Recursive Feature Elimination
In previous sections, all feature selection techniques introduced are in the form of measuring some individual properties relative to each feature and then determining the removal of features based on their “measures.” These methods are universal and can be applied to any dataset using the same pipeline and process. But at the end of the day, feature selection is aimed at improving model performance, and therefore it is crucial to observe how well each feature specifically contributes to model performance. Recursive Feature Elimination (RFE) is a process in which features are removed (eliminated) based on how much they contribute to a trained model.
Due to its effectiveness and flexibility, RFE is one of the most used feature selection algorithms. RFE is not a single method or tool; it’s a wrapper that can adapt to any model depending on the use case. In the following example, Random Forest will be used as the model for feature selection; however, it can be replaced with any other model to improve performance.
Permutation Importance
Permutation Importance can be seen as another way of calculating feature importance. Both Permutation Importance and feature importance measure how much one feature contributes to the overall prediction. However, the calculation of Permutation Importance is independent of the model, meaning that the algorithm remains the same no matter what machine learning model is used.

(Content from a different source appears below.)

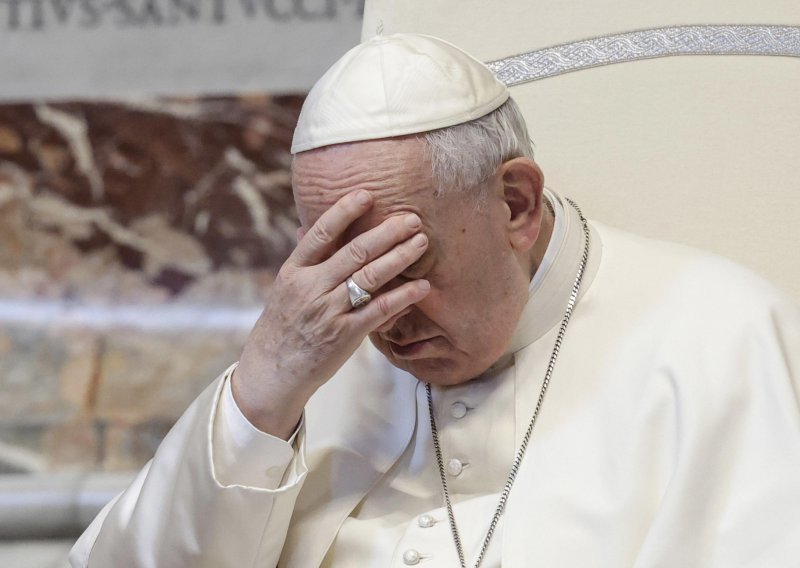 Papa otkazao svoje dnevne aktivnosti zbog boli u koljenu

Permutation Importance’s speed depends on the model prediction rate, but it’s still relatively faster than other feature selection algorithms such as RFE.

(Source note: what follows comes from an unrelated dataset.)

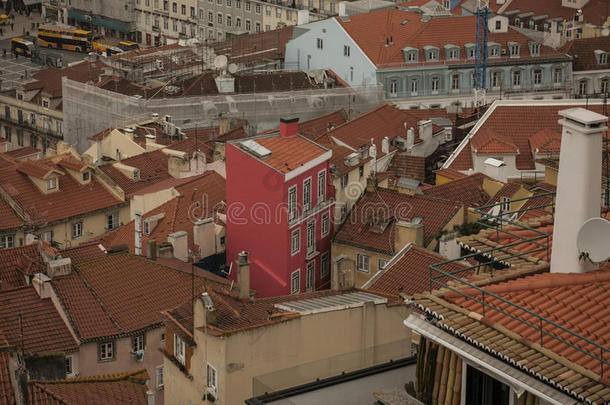 葡萄牙里斯本的<strong>建筑</strong>物；红色屋顶。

Permutation Importance produces a measure of relevancy from the feature to the target. Logically, features with low Permutation Importance are potentially unnecessary to the model, while features with higher Permutation Importance may be deemed more useful to the model.
The algorithm starts by shuffling the rows of one feature in the validation dataset. After the shuffling, we predict using the trained model and observe the effect that the shuffling has on performance. Theoretically, if one feature is crucial to the model, it would significantly decrease the accuracy of the model prediction. On the other hand, if the feature shuffled does not contribute to model prediction as much, then it wouldn’t affect the model performance as much. By computing the loss function compared to the ground-truth values, we can obtain a measure of feature importance by the performance deterioration from shuffled features.

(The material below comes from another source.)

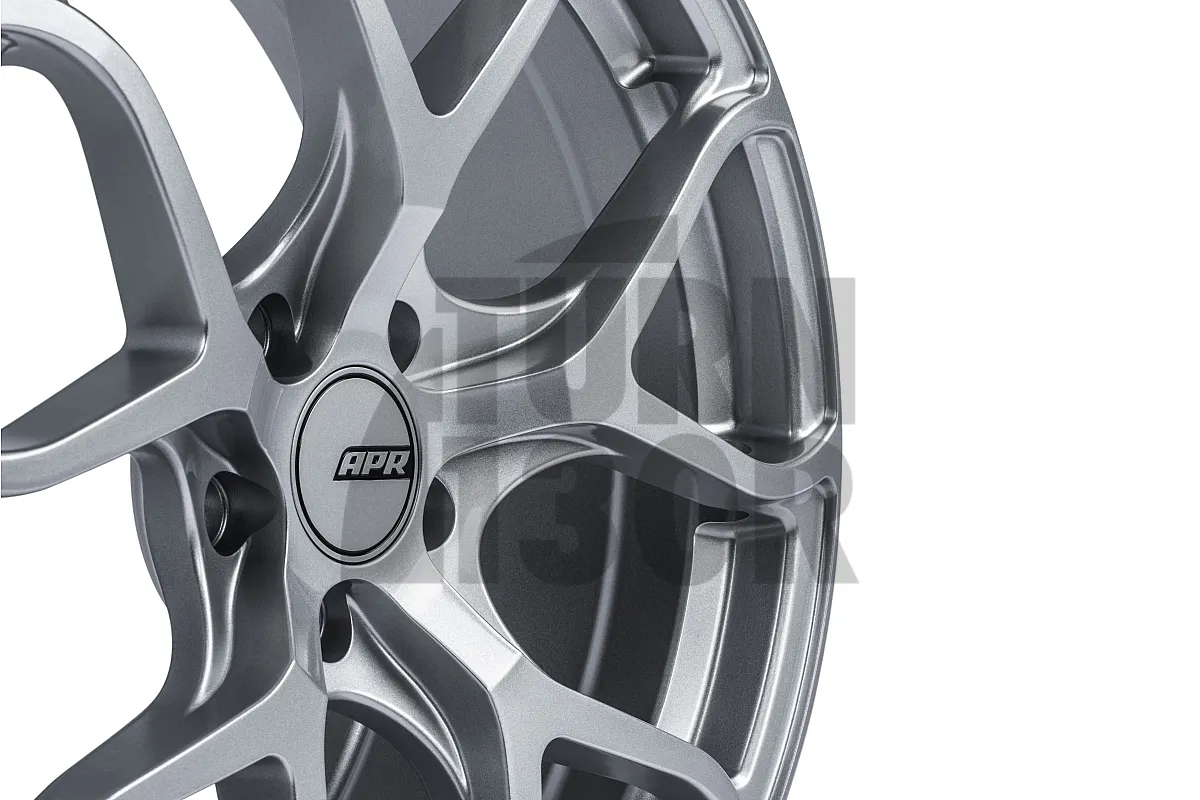 A01 Flow Formed Kolo 19 x 8.5 ET45 Gunmetal, Črna ali Srebrna APR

LASSO Coefficient Selection
Recall that during Linear Regression, a coefficient is assigned to each feature, acting as a weight that decides how much that feature will contribute to the final prediction. Ideally, a perfectly trained regression model would also have perfect coefficients and thus perfect feature importance. As RFE and Permutation Importance demonstrate the concept, we could select and remove features based on their feature importance. Those features with low or zero weight are unimportant or do not contribute to the prediction, so we do not need them for training as they only increase training time and possibly even reduce the performance of our models. Luckily, LASSO regression does this exactly. Depending on the adjustable hyperparameter, the weights of unimportant features will shrink to zero.